Big begets big: The information governance challenge
“Big data without governance will quickly become a big problem,” says Christophe Toum, the data governance manager at Talend in an interview with Anmol Rajpurohit in KDNuggets.
Talend develops software tools that allow licensees to deploy enterprise-ready solutions that help unlock business value.” The company provides master data management (MDM) solutions and user friendly programming tools. The company suggests that without coding, a customer can go from zero to big data in under 10 minutes.
Toum points out, “The actual consumers of the data tend to take the matter into their own hands in order to have the agility the business requires. To regain control and apply the proper data governance policies, IT needs to deploy and support a platform that offers a non-IT person enough simplicity, flexibility and productivity for them to willingly give up their ad hoc tools and scripts.”
The idea is appealing. An individual wanting to make sense out of marketing, social media content or data from geolocation information can click, discover, explore and identify significant information.
Today digital information in even small and midsize organizations doubles and redoubles rapidly. Regular data like word processing and Excel files become big data. PowerPoint presentations and e-mail are like the fast-replicating creatures in the 1967 Star Trek episode “The Trouble with Tribbles.” The “trouble” was that tribbles produced more tribbles, lots of tribbles. Like tribbles, digital data keeps on proliferating. An organization’s thirst for social media data and third-party information seems to be unquenchable.
Real-time social media view
A number of companies are delivering knowledge-centric systems that are truly mind-boggling. In Chicago, engineers at Geofeedia offer a system that delivers a real-time view of social media content. You can watch a video of the system at youtube.com/watch?v=pjZU8KRoezo.
The company’s system processes real-time information from a social media source such as Twitter and provides functions that allow an authorized user to view individual messages within a specific geographic area. A public safety officer can highlight an area on a map and explore the information flowing from that specific geographic area in real time. (Download chart)

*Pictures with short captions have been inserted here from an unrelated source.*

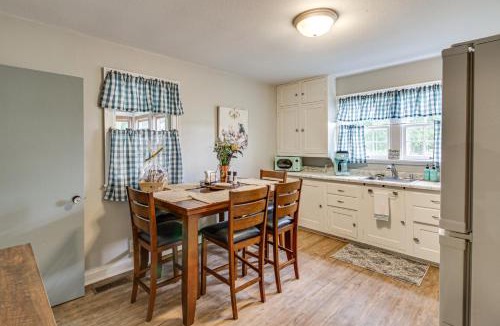 Cushing House | Pet Friendly Lake Alexander Home with Dock!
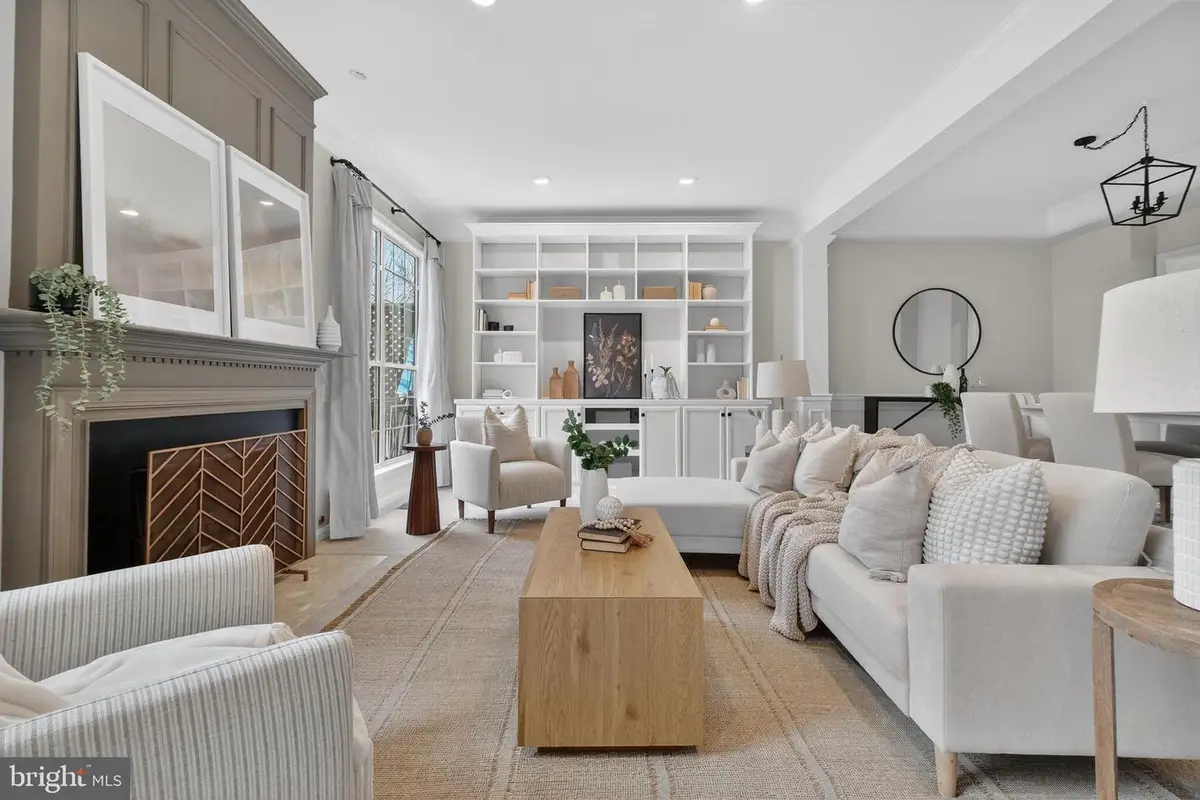 47610 Watkins Island Sq, Sterling, VA 20165 - Image #1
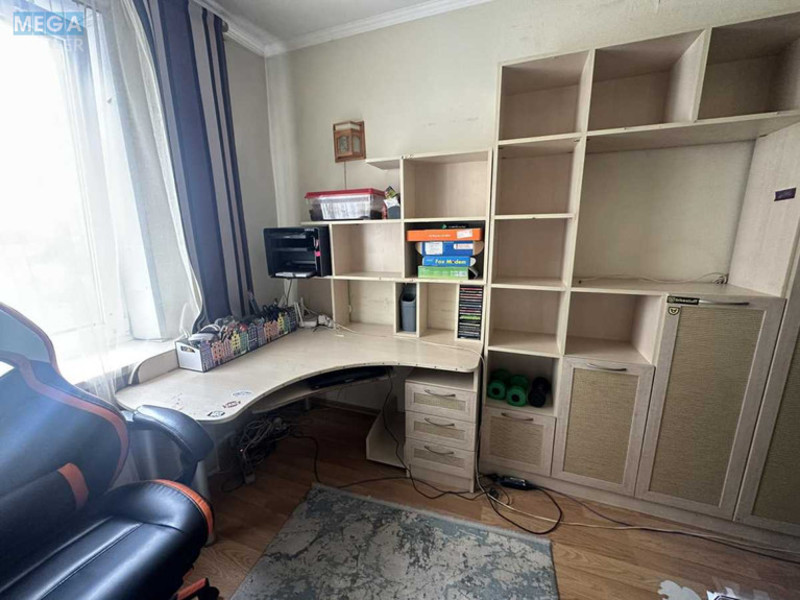 Продаж 3 кімнатної квартири (72/65/7), 6 пов. 9 пов. будинку, <a class="location-link" href="/chernovtsi/" title="Недвижимость Чернівці">Чернівці</a>, <a class="location-link" href="/chernovtsi/shevchenkovskij/" title="Недвижимость Шевченківський район">Шевченківський р-н</a>, проспект Незалежності, 108 (изображение 9)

The Geofeedia interface allows the user to specify a particular data stream to examine. The user may enter a keyword query or use the point-and-click interface to identify an area to analyze. The system then displays the individual content objects for that region. The system is highly interactive and makes data exploration rapid, easy and engaging. It can be used to access information that would otherwise be unavailable. Applications range from public safety to retail and healthcare.
Most organizations struggle with the flows of digital information produced and accessed by employees, contractors and consultants. The idea of tapping into a stream of hundreds of thousands or tens of millions of separate content objects in a meaningful way may be difficult to grasp and then use meaningfully.
Most organizations wrestle with little data problems on a daily basis. Who has the most recent version of the contract? What is the name of the supplier who provided the defective parts? Where is the customer mailing list we used after last month’s trade show? Answering them requires traditional processes like asking people and the time-consuming opening, viewing and closing of Word files. When specialized enterprise systems exist like legacy accounting systems or a cloud-based system from Salesforce.com, information is available. Employees have to locate it, assemble it and create a fresh digital file. Information at your fingertips morphs into information out of reach.
Defining big data
If you want to add to your knowledge about big data, “60 New Resources and Articles About Data Science, IoT, Machine Learning, R, Python, Big Data” will give you a wealth of links to explore. I worked through the list, examined articles about algorithms, a polemic enjoining me to start a statistical revolution and a taxonomy of data scientists.
The list does not include a definition of big data. The Wikipedia explanation requires 8,000 words. I prefer the Google definition: “Extremely large data sets that may be analyzed computationally to reveal patterns, trends and associations, especially relating to human behavior and interactions.”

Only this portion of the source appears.